Scraped caption text data:
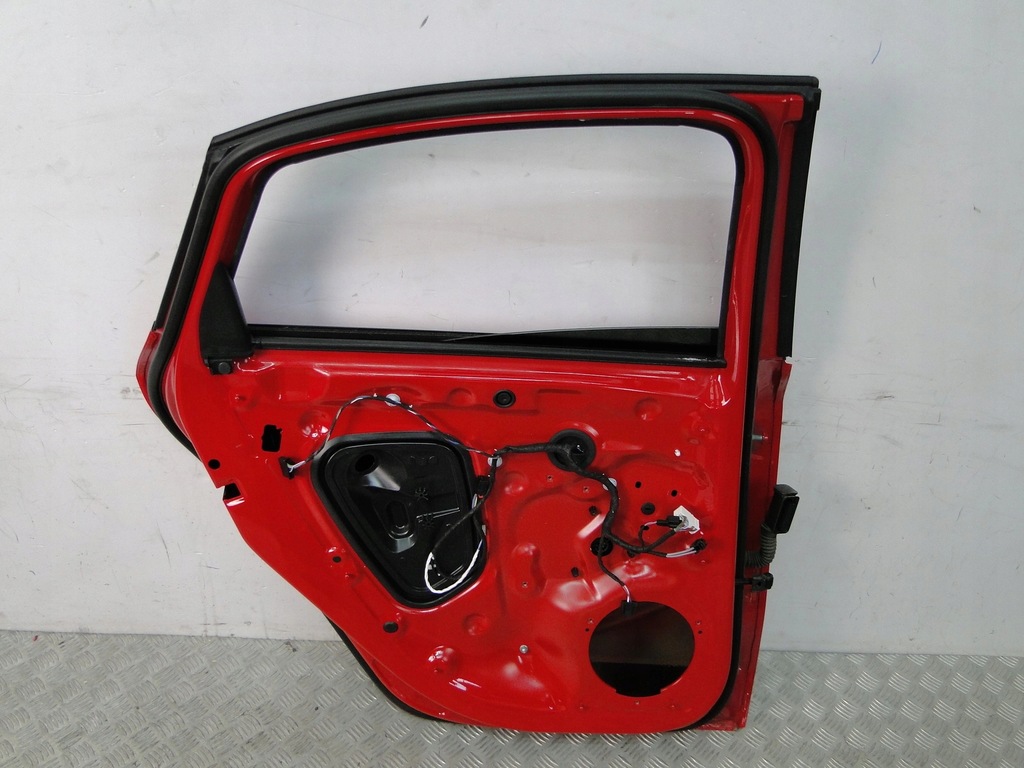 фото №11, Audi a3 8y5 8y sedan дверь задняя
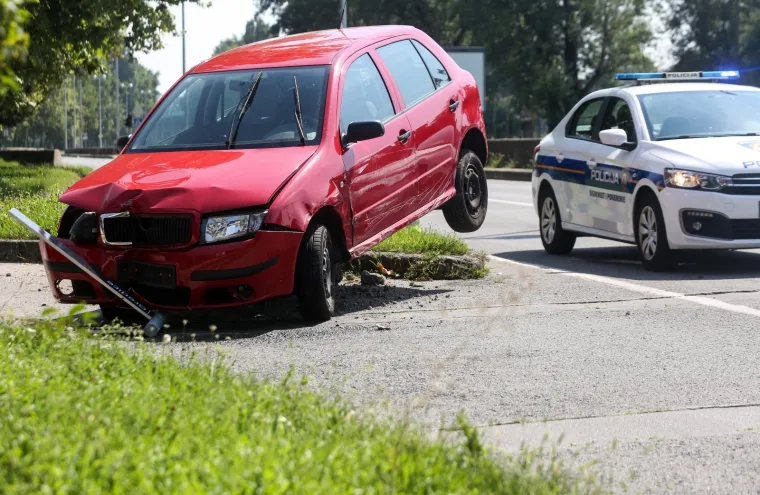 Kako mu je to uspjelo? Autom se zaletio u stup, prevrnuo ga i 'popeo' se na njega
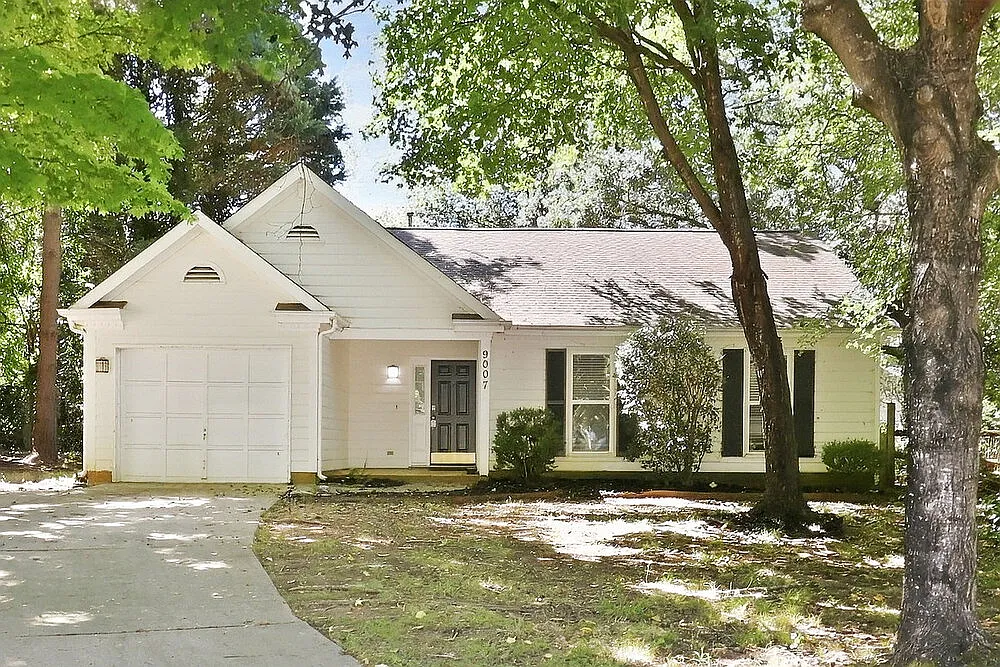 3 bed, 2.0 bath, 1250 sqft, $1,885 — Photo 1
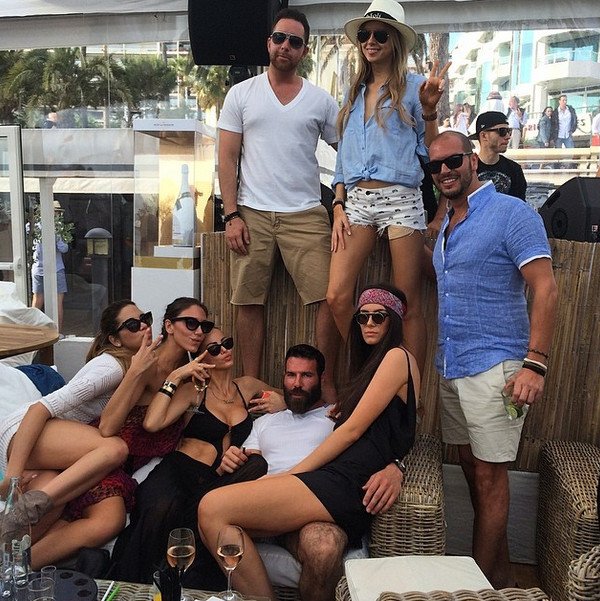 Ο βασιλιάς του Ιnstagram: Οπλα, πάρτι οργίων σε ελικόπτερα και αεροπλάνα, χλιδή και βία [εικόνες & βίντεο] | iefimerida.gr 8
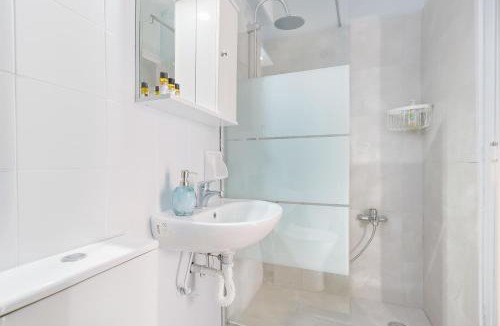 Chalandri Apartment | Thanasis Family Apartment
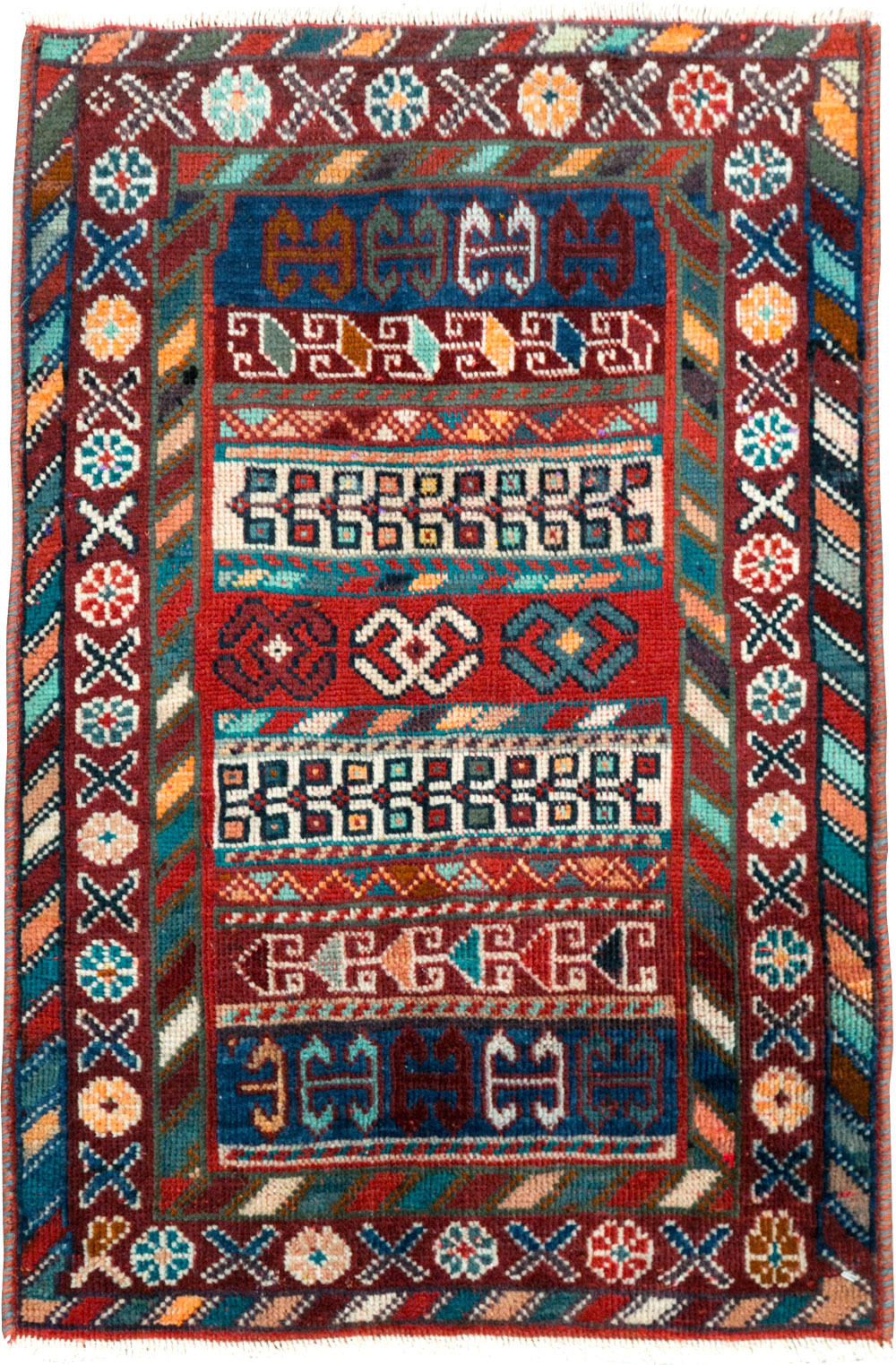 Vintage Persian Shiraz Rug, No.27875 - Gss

Instructions to follow: Keep out the pictures, and copy exactly the lines from the one that contains "Kako mu je to" through the final line of the records above, both ends included.

Written response:
 Kako mu je to uspjelo? Autom se zaletio u stup, prevrnuo ga i 'popeo' se na njega
 3 bed, 2.0 bath, 1250 sqft, $1,885 — Photo 1
 Ο βασιλιάς του Ιnstagram: Οπλα, πάρτι οργίων σε ελικόπτερα και αεροπλάνα, χλιδή και βία [εικόνες & βίντεο] | iefimerida.gr 8
 Chalandri Apartment | Thanasis Family Apartment
 Vintage Persian Shiraz Rug, No.27875 - Gss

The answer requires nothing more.